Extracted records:
###

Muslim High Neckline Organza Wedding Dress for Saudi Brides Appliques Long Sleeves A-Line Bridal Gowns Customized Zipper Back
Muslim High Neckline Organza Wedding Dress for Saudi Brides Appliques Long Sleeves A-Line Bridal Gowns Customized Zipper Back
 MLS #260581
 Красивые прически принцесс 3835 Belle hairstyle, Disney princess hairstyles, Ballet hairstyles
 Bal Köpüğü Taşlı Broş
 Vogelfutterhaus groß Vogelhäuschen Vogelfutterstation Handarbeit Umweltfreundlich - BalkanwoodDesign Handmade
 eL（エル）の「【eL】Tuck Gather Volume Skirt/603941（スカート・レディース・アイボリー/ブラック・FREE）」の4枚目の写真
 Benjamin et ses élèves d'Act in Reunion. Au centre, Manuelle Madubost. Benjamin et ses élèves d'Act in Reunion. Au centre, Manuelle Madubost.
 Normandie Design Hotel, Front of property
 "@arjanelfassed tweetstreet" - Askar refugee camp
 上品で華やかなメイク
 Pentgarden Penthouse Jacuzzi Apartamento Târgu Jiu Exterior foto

###

• **Task directions**
Output the lines from the one with "Bal Köpüğü Taşlı Broş" to the final line of the entries above, exactly as they stand, please, and nothing else.

• **Solution for this task**
 Bal Köpüğü Taşlı Broş
 Vogelfutterhaus groß Vogelhäuschen Vogelfutterstation Handarbeit Umweltfreundlich - BalkanwoodDesign Handmade
 eL（エル）の「【eL】Tuck Gather Volume Skirt/603941（スカート・レディース・アイボリー/ブラック・FREE）」の4枚目の写真
 Benjamin et ses élèves d'Act in Reunion. Au centre, Manuelle Madubost. Benjamin et ses élèves d'Act in Reunion. Au centre, Manuelle Madubost.
 Normandie Design Hotel, Front of property
 "@arjanelfassed tweetstreet" - Askar refugee camp
 上品で華やかなメイク
 Pentgarden Penthouse Jacuzzi Apartamento Târgu Jiu Exterior foto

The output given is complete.